■ **EXERCISE DIRECTIONS**
When you write out the listing, keep each word exactly as it stands but include none of its images.

■ **DATA EXTRACT**
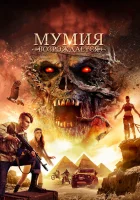  Мумия возрождается смотреть онлайн (2019) 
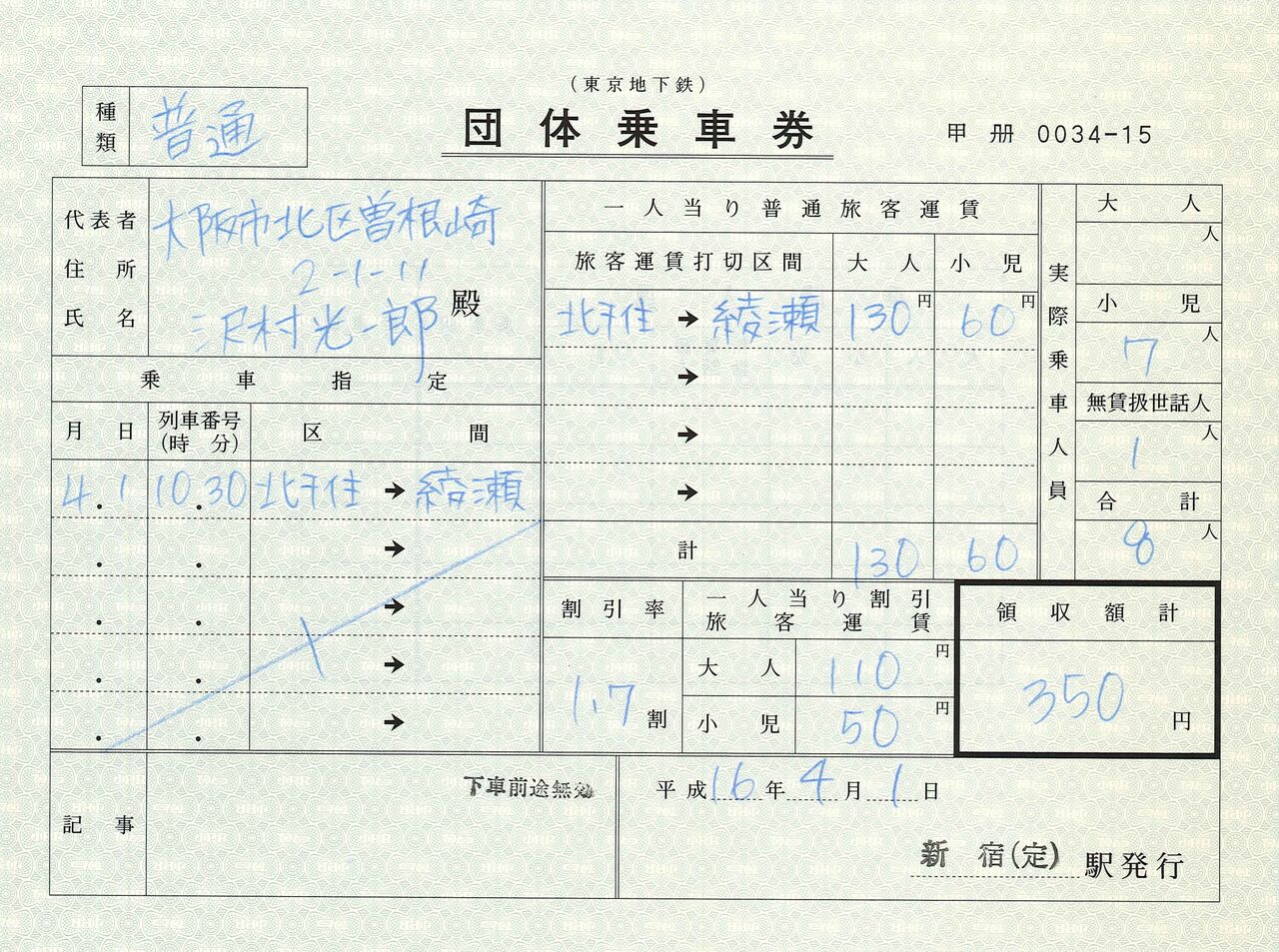 閲覧数95】旅客関係票面見本 出札(乗車券)編 閲覧数95】旅客関係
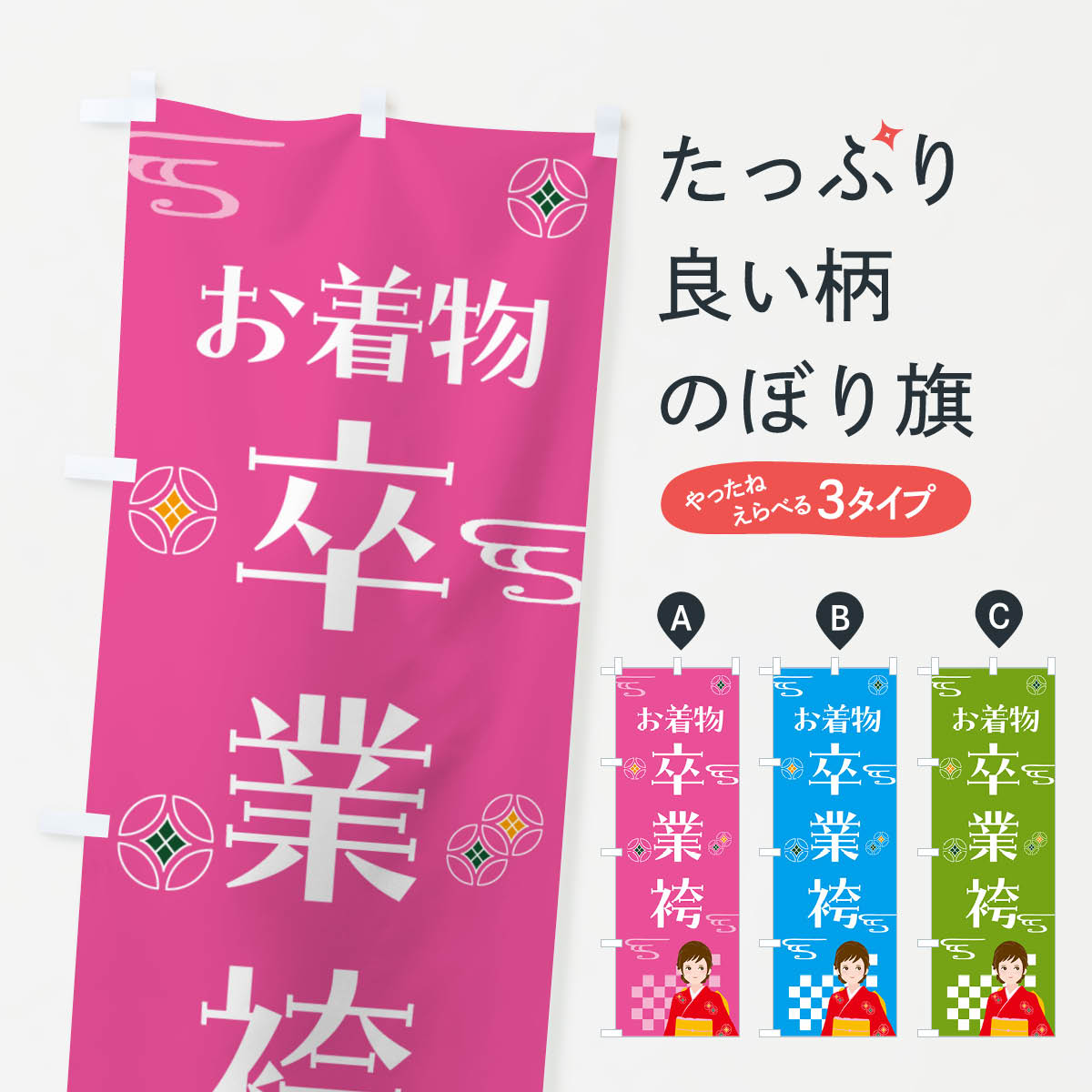 【ポスト便 送料360】 のぼり旗 きもの・卒業袴・着物のぼり NNWE 着物・振り袖 グッズプロ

■ **EXERCISE RESPONSE**
  Мумия возрождается смотреть онлайн (2019) 
 閲覧数95】旅客関係票面見本 出札(乗車券)編 閲覧数95】旅客関係
 【ポスト便 送料360】 のぼり旗 きもの・卒業袴・着物のぼり NNWE 着物・振り袖 グッズプロ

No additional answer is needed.